Tri State operates 25 tractor-trailers hauling liquid asphalt from refineries and terminals to highway paving jobs in Arizona, Nevada, and California. With heavier engines and emissions hardware adding weight to tractors, Davis says the trailer is the key to meeting his goal of high payloads and low tare weight. His trailer of choice: a tandem-axle, 7,500-gallon, aluminum hot-product trailer from Polar Tank.

The 42.5-foot trailer weighs just over 9,000 pounds and can scale 28.5 tons of liquid asphalt.

“That kind of capacity gives me a huge edge over a competitor who maxes out at 25 or 26 tons,” Davis says. “A job that takes the other guy nine trips I can do in eight and save both time and the operating costs associated with the extra shipment. Or I can bring the customer another load so he can pave more roadway that day.

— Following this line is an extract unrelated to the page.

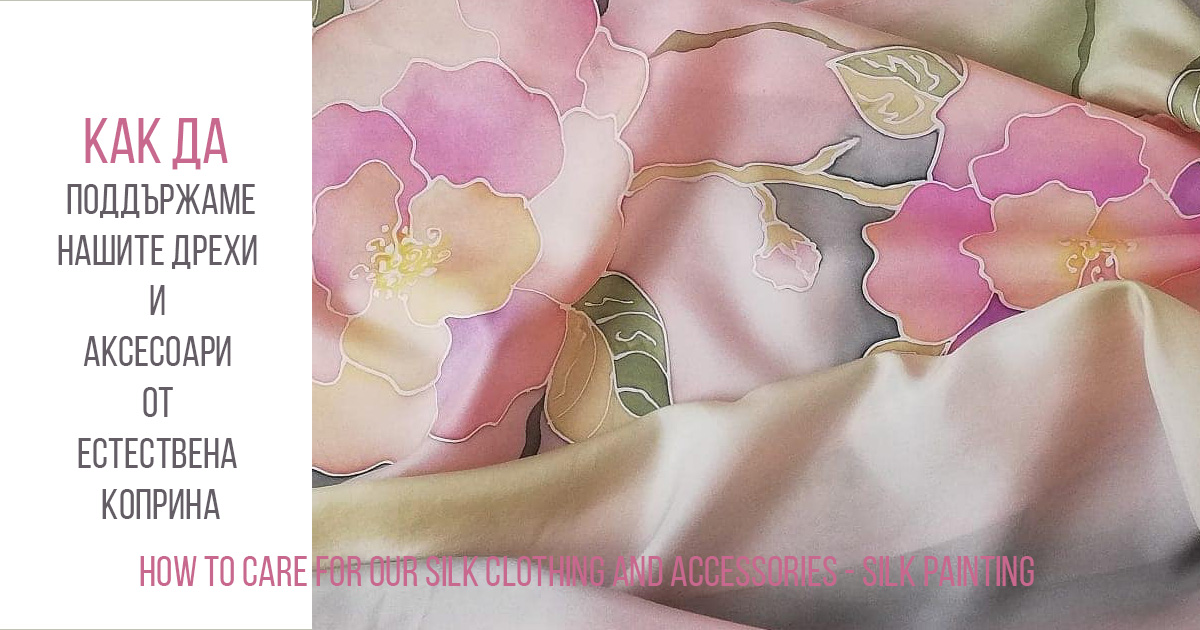 How to care for our silk clothing and accessories - Silk painting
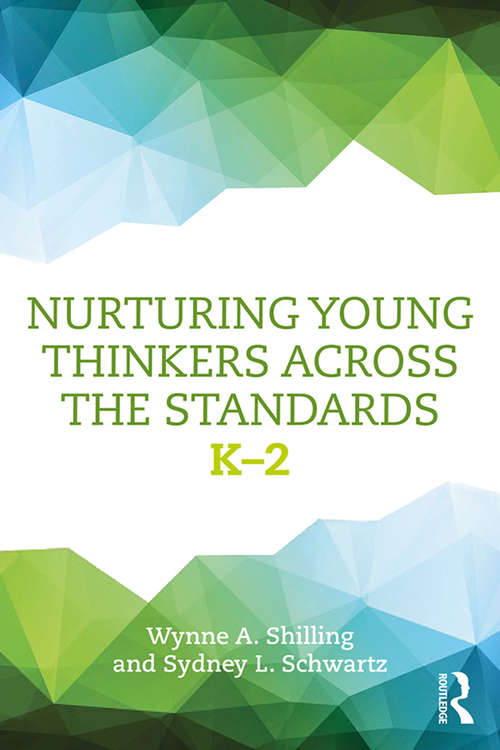 Book cover of Nurturing Young Thinkers Across the Standards: K–2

“Over a day, a week, a month, a year - my trailers are going to far exceed the productivity, profitability, and return on investment my competitors’ will get from their trailers.”

Saving weight & time

The Tri State spec begins with a straight, round barrel with 0.249-inch aluminum on the bottom and 0.219-inch aluminum on the top and sides. It has fiberglass insulation, a belly-wrapped 0.032-inch aluminum jacket with lapped seams, and 0.063 aluminum heads lock-seamed to the jacket.

Pretty straightforward. The weight savings come from a range of aluminum and other lightweight components, including an aluminum undercarriage; Hendrickson AANT23K Intraax suspension with integrated axles; Accuride 22.5 x 8.25 aluminum polished disc wheels; and 255/70R Goodyear tires.

Polar helped Davis evaluate the characteristics of various materials and determine how each component contributes to the trailer’s payload capacity, durability, and driver convenience or safety. “Cutting weight can make sense, but you can take it too far,” says Davis, who saw his share of aluminum truck and trailer components while growing up working at his family’s West Coast construction business.

“With our Polars, we went down to the fine details to come up with the right balance,” he explains.

Demanding operations

Tri State runs hard - 24 hours a day, seven days a week, on the highway and on water-truck-maintained roads - so its equipment has to hold up. One Polar trailer logged 400,000 miles during the first 18 months of service.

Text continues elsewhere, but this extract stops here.